# [Source material]
◇ ◇ ◇
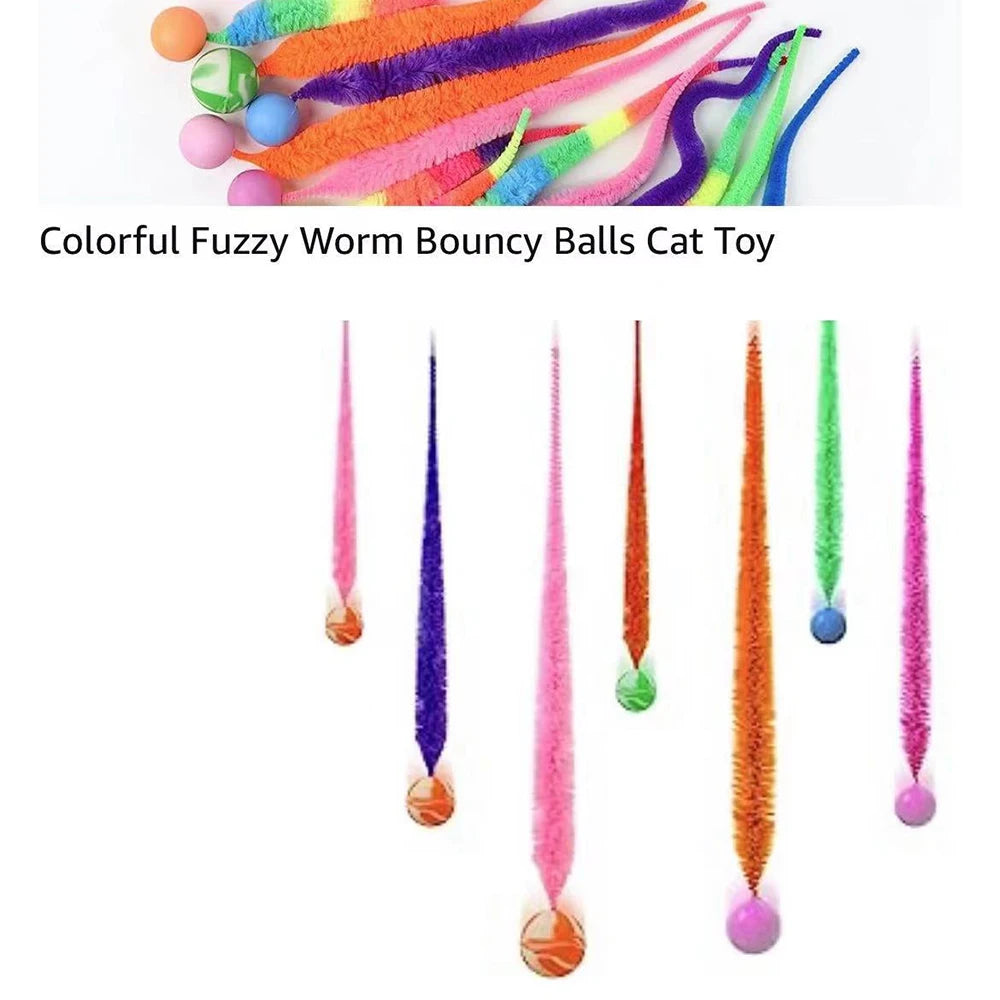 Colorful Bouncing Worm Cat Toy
◇ ◇ ◇
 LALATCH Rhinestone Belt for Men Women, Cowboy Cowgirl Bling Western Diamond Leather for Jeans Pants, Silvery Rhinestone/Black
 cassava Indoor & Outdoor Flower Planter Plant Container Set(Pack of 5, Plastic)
◇ ◇ ◇
# [Required work]
In the listing above, find the line containing "LALATCH Rhinestone Belt" and the line containing "cassava Indoor &". Output them and every line between, exactly, and nothing else.

# [Response for this exercise]
 LALATCH Rhinestone Belt for Men Women, Cowboy Cowgirl Bling Western Diamond Leather for Jeans Pants, Silvery Rhinestone/Black
 cassava Indoor & Outdoor Flower Planter Plant Container Set(Pack of 5, Plastic)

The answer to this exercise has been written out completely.